A partir de este martes, todas las computadoras portátiles comercializadas en la Unión Europea deben incluir un puerto USB-C para su recarga, en una medida que busca reducir residuos electrónicos y simplificar el uso de cargadores.
La Unión Europea dio un paso definitivo hacia la unificación tecnológica al decretar que, desde este martes, todas las computadoras portátiles que se vendan en el territorio comunitario deben integrar un puerto USB-C para su recarga de energía. Esta disposición amplía la normativa que ya regía para teléfonos móviles y otros dispositivos electrónicos de menor tamaño.
El objetivo del Parlamento Europeo es que los consumidores puedan utilizar un solo cable para múltiples equipos, independientemente de la marca o el modelo. El impacto ambiental es un eje central del proyecto: la estimación oficial indica que la medida permitirá un ahorro anual de miles de toneladas en residuos electrónicos. Además, representa un beneficio económico para los usuarios, quienes podrán adquirir dispositivos sin la obligación de comprar un cargador nuevo en cada ocasión.
Los fabricantes tienen un plazo de adaptación para ajustar sus cadenas de producción a este estándar global. Si bien muchas empresas ya adoptaron esta ficha en sus gamas más altas, la ley garantiza que la tecnología sea común en todos los segmentos del mercado. Esta estandarización no solo simplifica la vida cotidiana, sino que también pone fin a la proliferación de cables incompatibles que terminan en la basura al poco tiempo de uso.
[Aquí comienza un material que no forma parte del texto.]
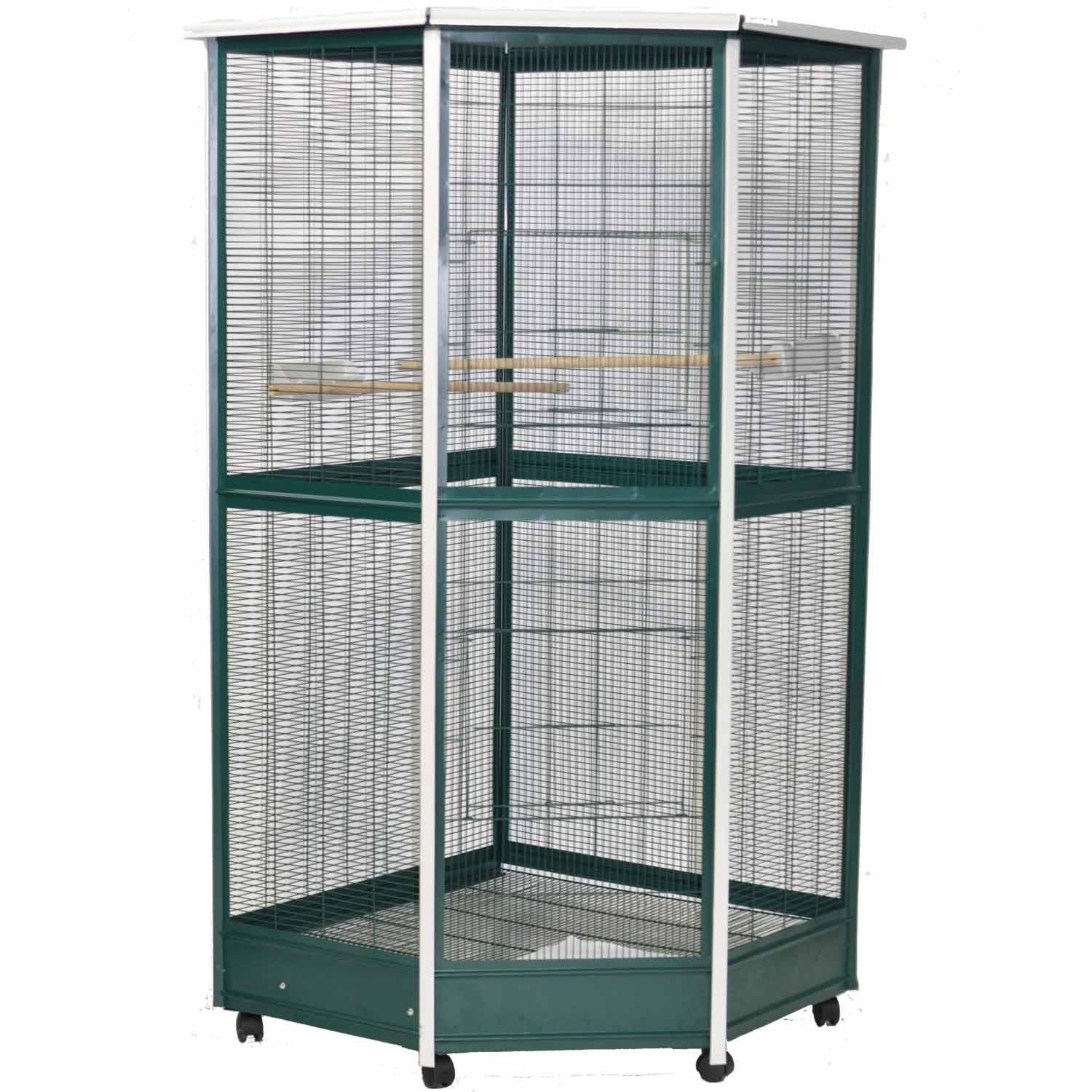 A&E Cage Company Green & White Corner Aviary Bird Cage Petco
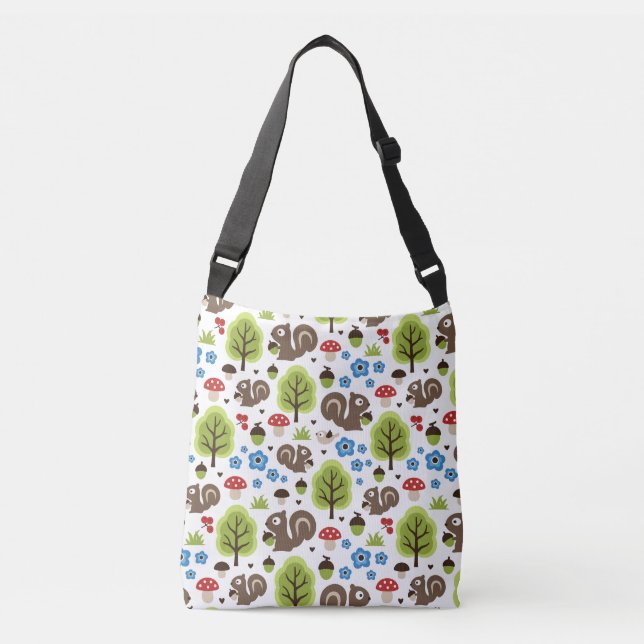 Squirrel in The Oak Forest Pattern Crossbody Bag (Front)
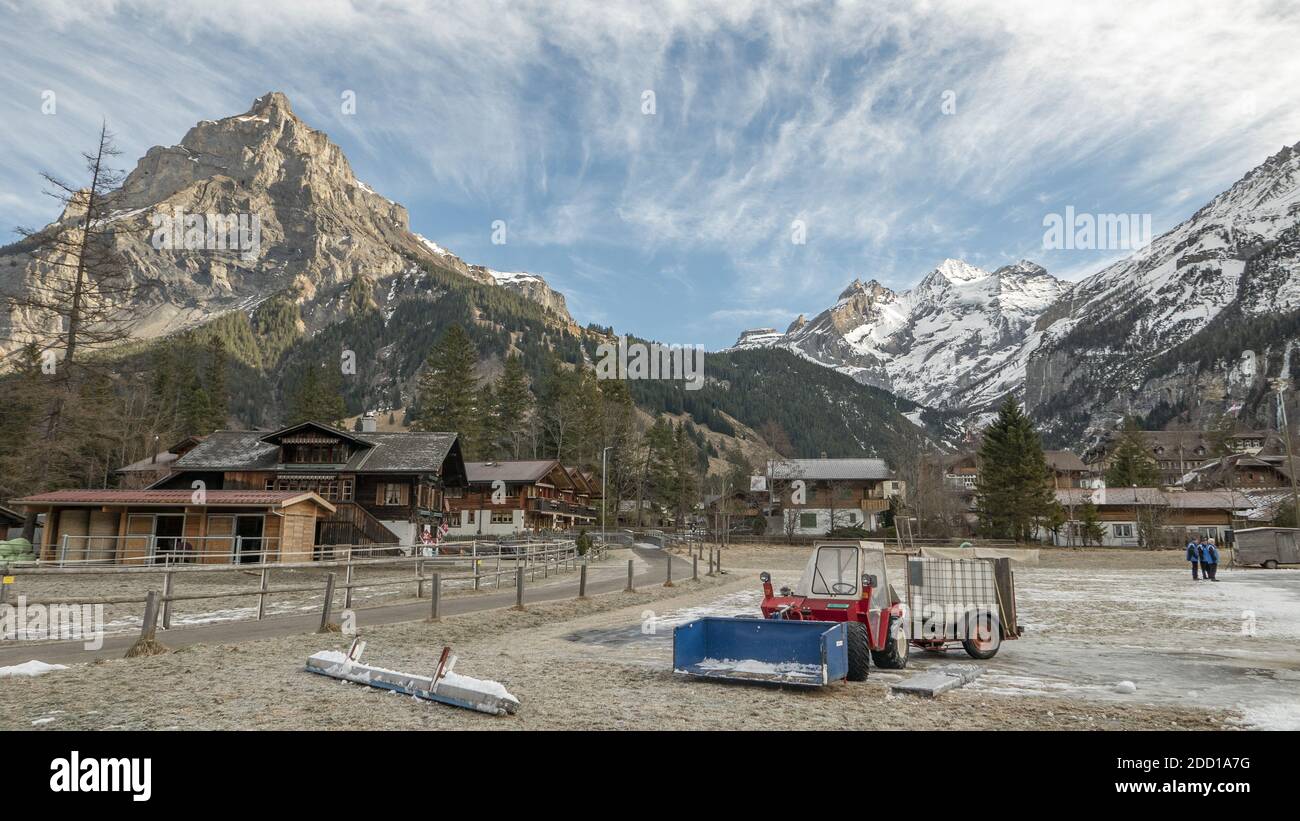 Village de montagne suisse Banque D'Images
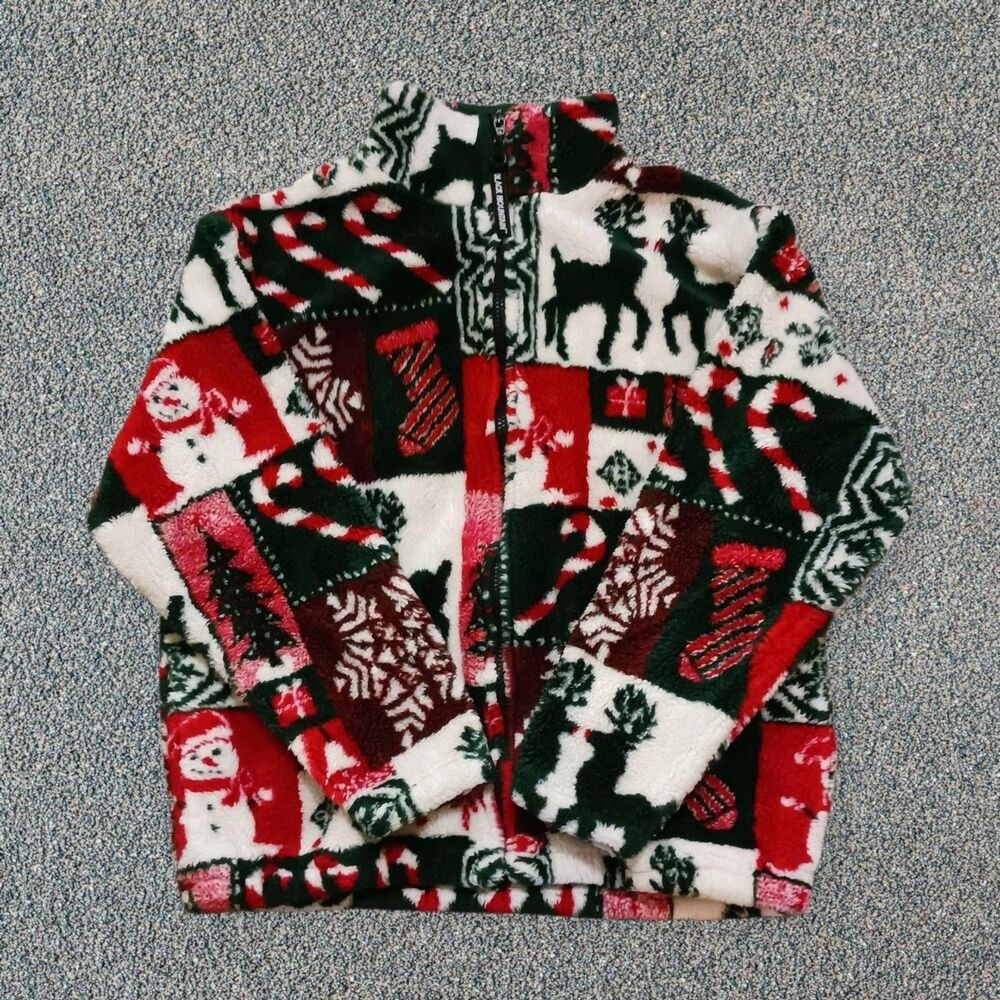 Vintage Black Mountain Outdoor Gear Christmas Holiday Fleece Jacket Full Zip XL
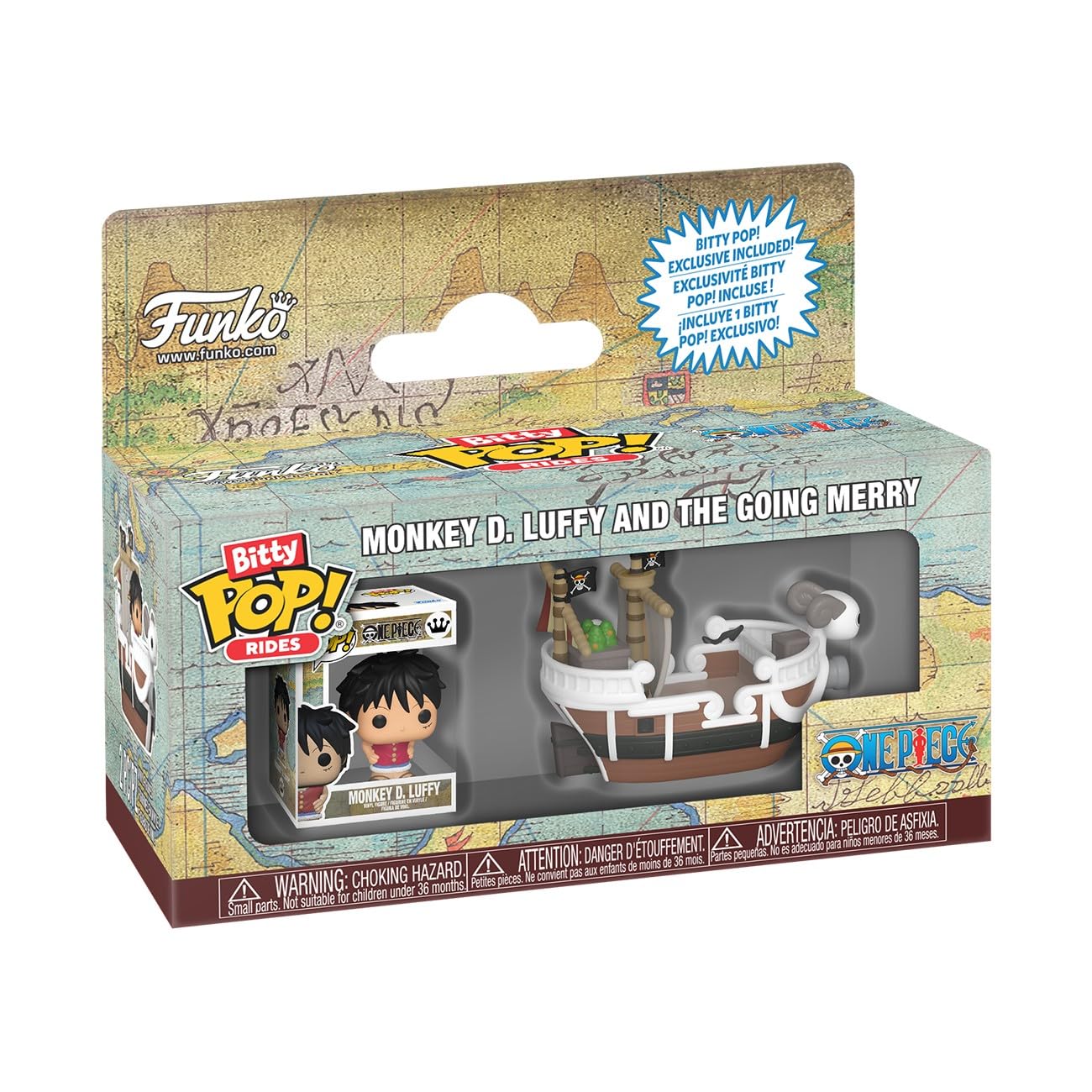 Funko Pop! Bitty Ride: One Piece - Going Merry with Monkey D. Luffy - 0.9 Inch and 1.3 Inch (2.3 and 3.3 Cm) - Anime Collectable - Official Merchandise - Gift Idea - Toys for Kids & Adults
El mercado global observa con atención este movimiento, ya que es probable que las marcas repliquen este diseño de carga en el resto de las regiones para optimizar sus costos de fabricación. En Argentina, la red eléctrica opera a 220 voltios (V) con una frecuencia de 50 hercios (Hz). La norma IRAM 2073 define el uso de dos variantes principales: el Tipo I, de tres patas planas (dos en forma de V invertida y una vertical para tierra), y el Tipo C o europlug, de dos patas redondas, común en cargadores de celulares antiguos o dispositivos de bajo consumo. La mayoría de los tomacorrientes modernos en el país aceptan ambos formatos o priorizan el Tipo I. Este estándar, compartido con Australia, Nueva Zelanda y China, es incompatible con la mayoría de los destinos turísticos y de negocios más frecuentes para los argentinos, como Estados Unidos, gran parte de Europa y el Reino Unido.